There are a whole host of other fibers available, both man-made and natural. I've even heard of people spinning their own yarn out of cat and dog hair. As my journey in knitting continues, I am certainly looking forward to trying as many different things as I can. Who knows perhaps I'll take up spinning and create my own fiber blends and yarn.
Wednesday, August 25, 2010
A large part of my learning curve deals with improving my product photos. Pictures are extremely important when trying to sell something via Internet. Lighting, backgrounds, and angles are everything. I have been experimenting and learning a great deal. You can see, or at least I can see, a marked difference between my early product photos versus those that I take now. I am continually trying to improve.
One key aspect is how the product is modeled. I make a lot of infant's and children's hats for my Etsy shop. They are fast knits and I am trying to build up some inventory before branching out into longer term projects like sweaters and blankets. Right from the start, I have had a dilemma in how to model my knitted hats for photos such that they look nice. A picture of a knit hat laying flat on a table just doesn't quite do it. For the best results, you really need to find a way to pose the hat such that it looks as though it is on a head.
Initially, I approached the problem creatively. I tried using balls of yarn, dolls, teddy bears, glass vases, and anything else I could think of to try to achieve a head-like shape. The vase and the yarn balls worked the best but they were still just off enough that I was unsatisfied with my results. I am able to get my kids to model some of my hats. However, as most parents can attest, it is tough to get preschool age children to stop moving and smile long enough for a good clear picture. Also, this does not solve my dilemma for baby hats and little girl's hats. (I am blessed with little boys.)
|Homemade Head Forms|
|Modeling Child- and Infant-Sized Hats|
At some point a better method for modeling my smaller hats will present itself. Until then, my homemade, muslin covered head forms will do just fine. Now, perhaps if I am a really, really, good girl and pinch my pennies till they scream, Santa will bring me a really nice 35mm digital SLR camera. Well that is not really in the budget for this year, maybe next.
Tuesday, August 24, 2010
I used a Peaches & Creme ombre to make these and I just love how the yarn's color pooling worked out into a candy stripe effect. I did one in pink and the other in purple. The girls can, or perhaps my cousin should, decide who gets which color. For those who are interested but don't knit, I will be making more of these for sale in my Etsy shop but I am certainly able to take custom orders for color requests.

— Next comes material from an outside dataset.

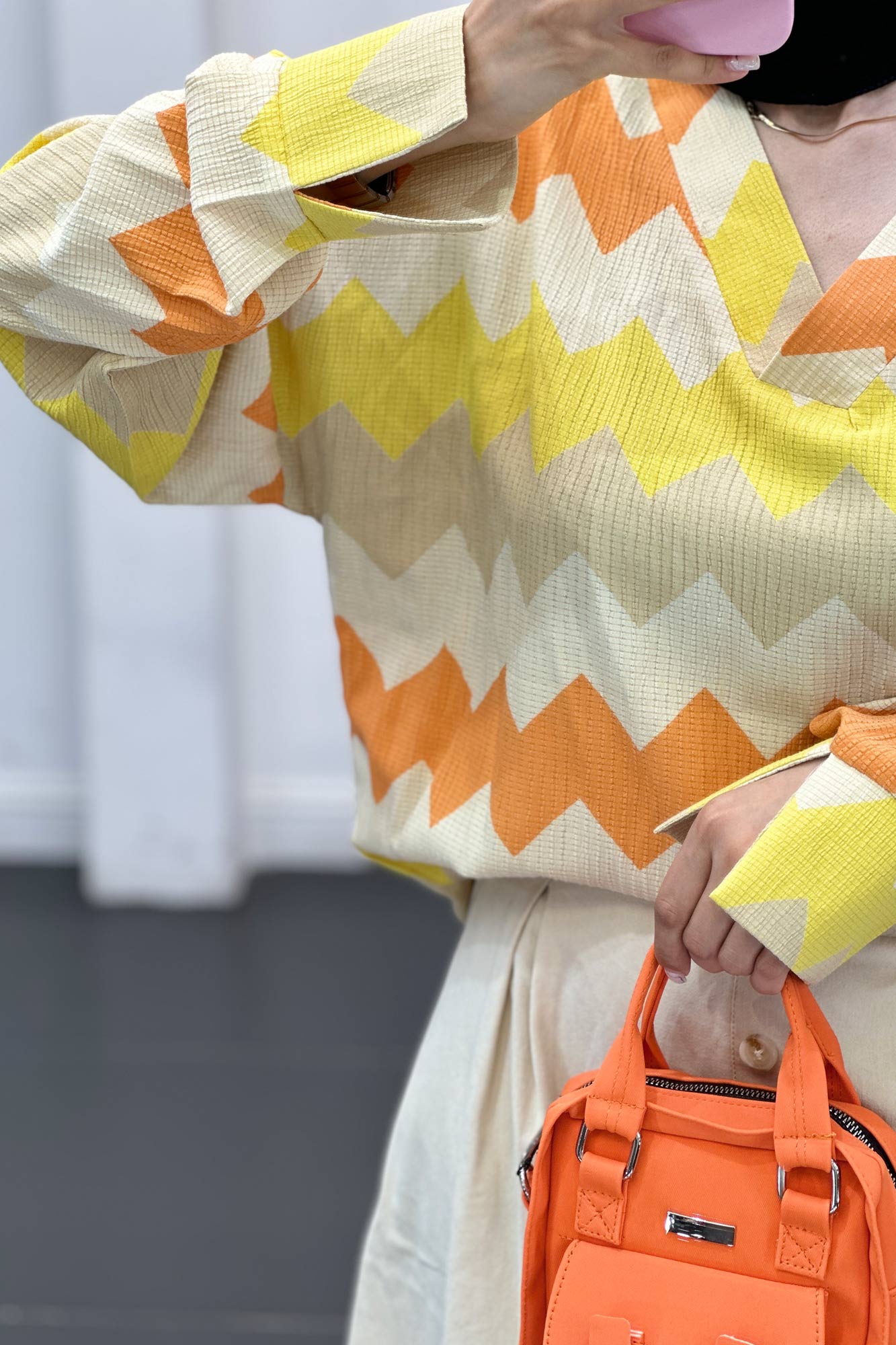 شومیز کراش جناقی یقه هفت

Note: I have test knit this pattern 3 times; however, I have not had a second set of eyes or hands review or test knit it yet. So if you find an error or if something is not clear in the instructions, please let me know so that I correct and/or improve the pattern.
Lorica's Spring Toque
You will need:
- 29-in circular needles US #7 (or size to obtain gauge)
- 16-in circular needles US #7 (or size to obtain gauge)
- Set of 4 DPNs US #7 (or size to obtain gauge)
- Yarn needle
- Stitch marker
Yarn: Worsted weight yarn (~150 yards) Samples pictured here were made with Peaches & Creme #183 Lilac Ombre and #144 Strbry Cream by Pisgah Yarn & Dyeing Co., Inc. - 100% cotton)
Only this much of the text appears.